WORK TASK: What is needed is an exact copy of the lines from the one containing "Grå Ford Kuga fra 2023" through the last line of the records below, with no pictures.

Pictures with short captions
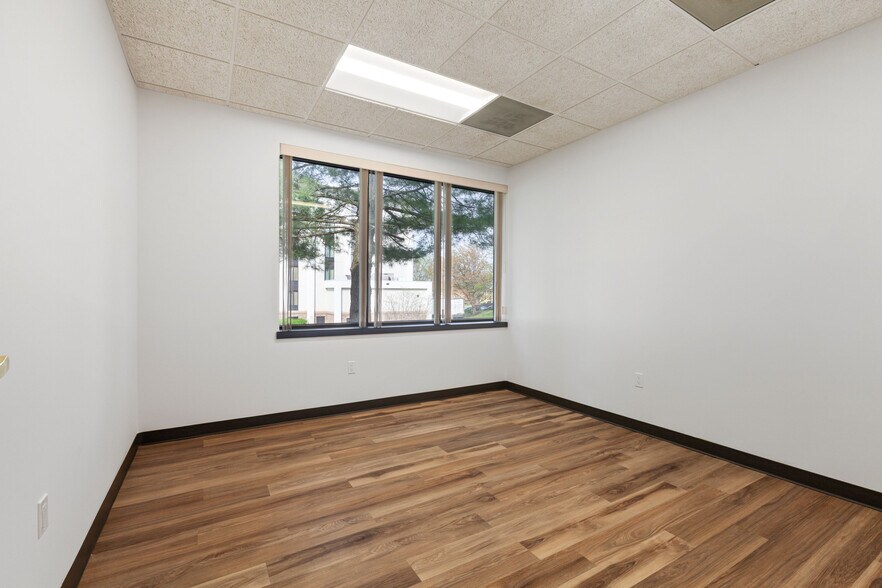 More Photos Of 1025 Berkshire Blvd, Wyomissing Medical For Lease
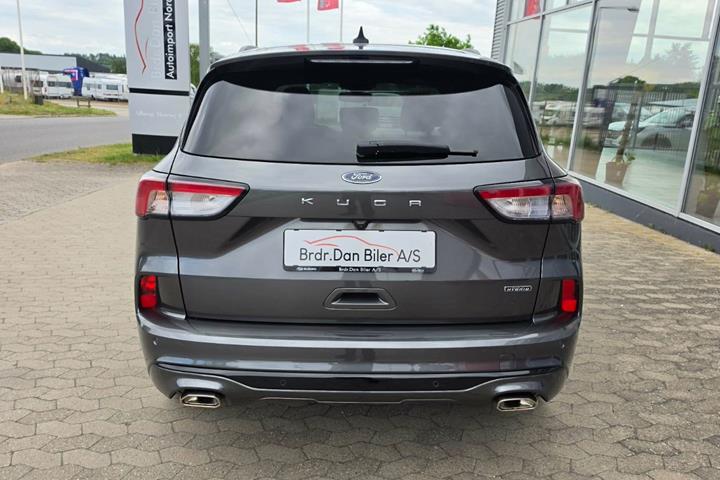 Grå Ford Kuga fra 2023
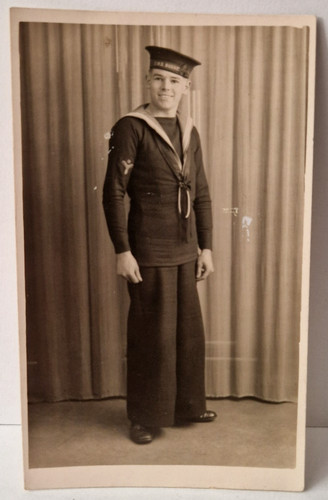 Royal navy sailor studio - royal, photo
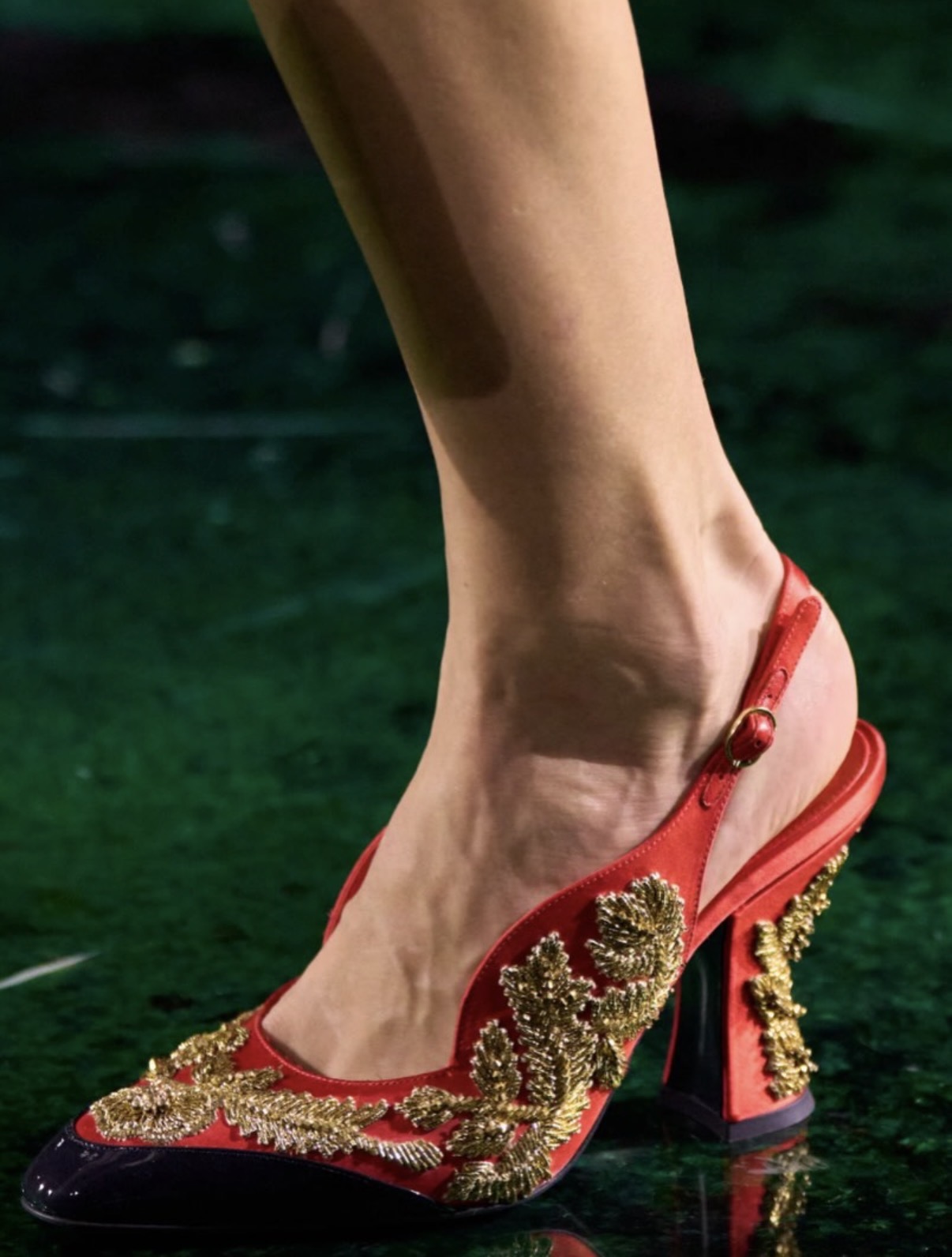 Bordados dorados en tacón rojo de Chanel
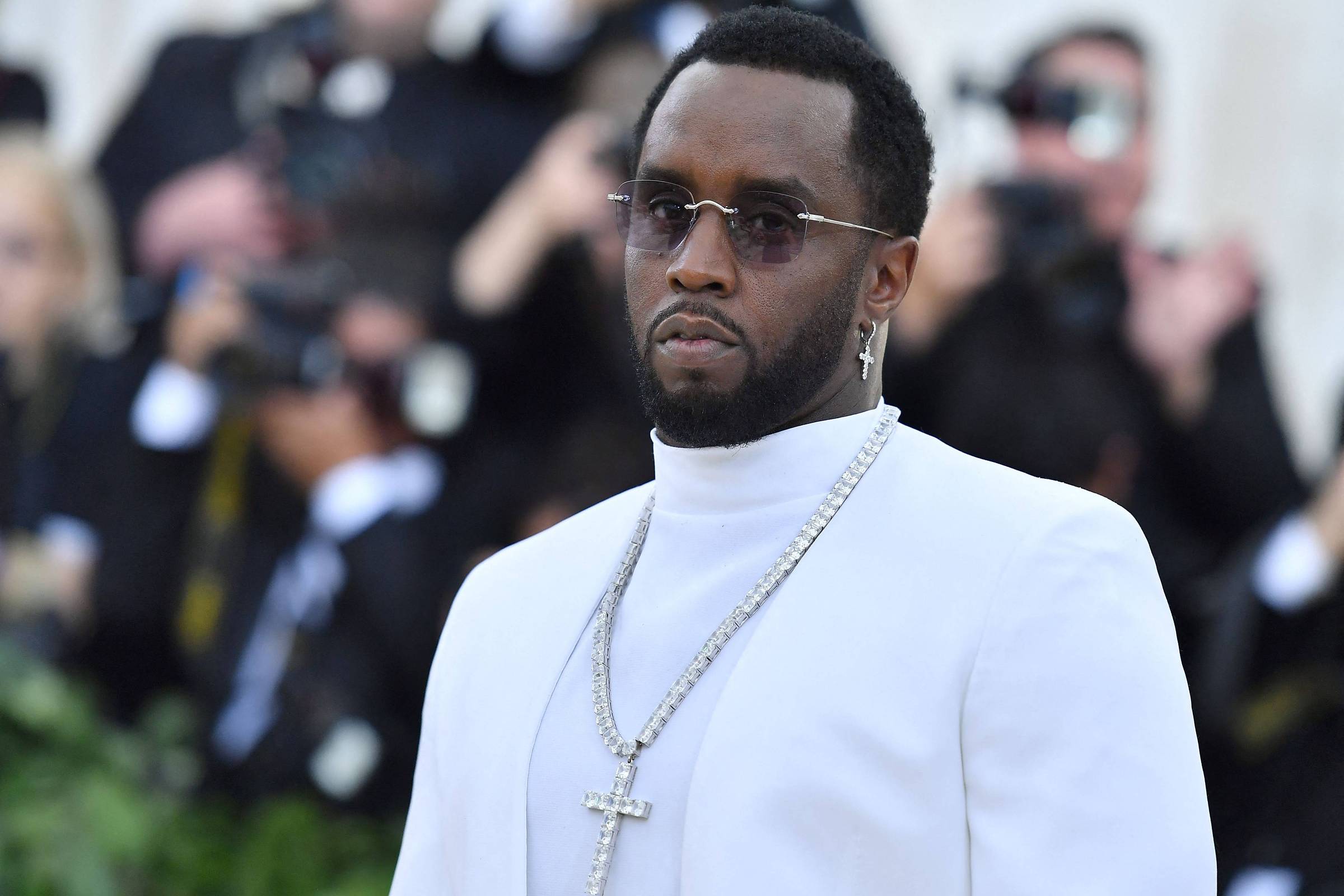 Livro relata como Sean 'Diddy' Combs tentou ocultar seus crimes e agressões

RESULT BELOW:
 Grå Ford Kuga fra 2023
 Royal navy sailor studio - royal, photo
 Bordados dorados en tacón rojo de Chanel
 Livro relata como Sean 'Diddy' Combs tentou ocultar seus crimes e agressões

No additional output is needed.